You’d Better Be Aware of How Steven Cohen Was Trading This Stock Last Quarter

Meena is a member of The Motley Fool Blog Network -- entries represent the personal opinion of the blogger and are not formally edited.

Adobe Systems (NASDAQ: ADBE) failed to make our list of top ten tech stocks loved by hedge funds last quarter, but we believe it is one of the best investments available in the software and programming industry. Adobe saw its most recent fiscal quarter (4Q) come in with higher revenue, as a result of better adoption rates for cloud computing services.
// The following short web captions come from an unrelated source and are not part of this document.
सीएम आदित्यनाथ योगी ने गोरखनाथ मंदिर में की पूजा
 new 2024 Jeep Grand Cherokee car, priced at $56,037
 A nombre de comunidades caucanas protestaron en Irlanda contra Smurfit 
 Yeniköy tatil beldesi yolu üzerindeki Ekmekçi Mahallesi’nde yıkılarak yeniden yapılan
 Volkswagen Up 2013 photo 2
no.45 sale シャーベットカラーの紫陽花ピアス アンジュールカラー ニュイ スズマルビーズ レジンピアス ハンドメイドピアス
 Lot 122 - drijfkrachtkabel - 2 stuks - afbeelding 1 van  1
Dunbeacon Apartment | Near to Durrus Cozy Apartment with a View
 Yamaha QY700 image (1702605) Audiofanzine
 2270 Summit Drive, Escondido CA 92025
The company has a diverse suite of products that should help drive interim growth, and a bullish IT environment in the U.S. and Europe certainly won't hurt.

Adobe is leading the way in the field of paperwork digitization and record-keeping, and almost all of its revenues come from licensing fees. Given a large portion of its revenues are from this arena, Adobe enjoys a much higher EBITDA margin than its peers at 34%. Adobe also has billionaire Steven Cohen of SAC Capital as one of its big-name investors; Cohen upped his stake by 400% last quarter (see Steven Cohen's top picks).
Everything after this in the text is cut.